Saturday, June 23, 2012

Late to work


The morning started unlike most others – I could barely move my neck. The incessant screams from my cellphones tried in vain to wake me up earlier, and I finally I came to just past nine in the morning. The breakfast remained on the table as I trudged into my comfy hush-puppies and went to the lift door at 9:57 am. Stepping into the lift, I was still dozing, and so it took me all of 20 seconds to realize that I had not moved. Thanking God that the elevator would at least let me out, I made it to the car, and started off for work without much further ado.

God is a comedian, I keep saying. I realized that I didn’t have cash on me, and that my car needed to be fed. So another detour and 20 minutes later, I was back on track, praying to God that I don’t get stuck in the horrid traffic while low on fuel. Think I must’ve made it to the pump on fume alone.
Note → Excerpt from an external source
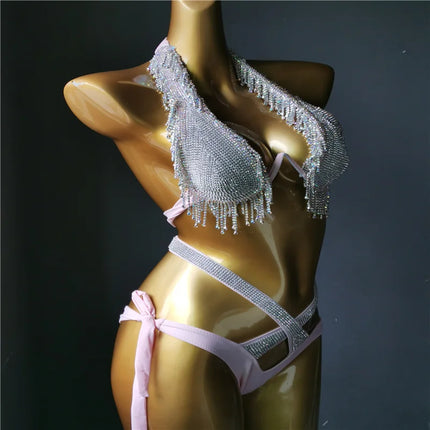 The Venus Vacation Classic Diamond Bikini – Heavy Shimmer Showgirl Swim Set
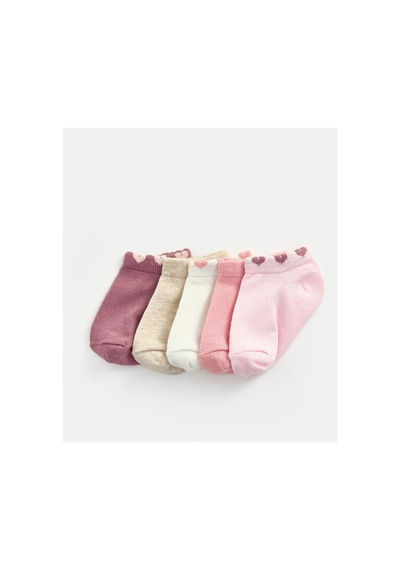 LC Waikiki Alıta Cıty Farkıyla Lcw Baby Pembe Desenli 5'li Paket Kız Bebek Patik Çorap Pembe - 925404422 Pembe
Interestingly, I was in a sprightly mood, and nothing could ebb that. The tension of shipments getting delayed, worker crisis, frequent power-cuts, drops in gas pressure feeding the boilers – all these were there, registering, but not having the regular effect. I got the impression that today was meant for something grander. I was going through the day waiting for that “something” to materialize. Buoyant on the good vibes, I got to work at a comfortable pace, with uncharacteristically low traffic on the way.

I guess being happy is just a mindset. You can be happy despite a zillion problems buzzing around, or you can decide to be morose while riding the crest of a wave. There is so many things that I am thankful for – it is easy to be happy if I just acknowledge them.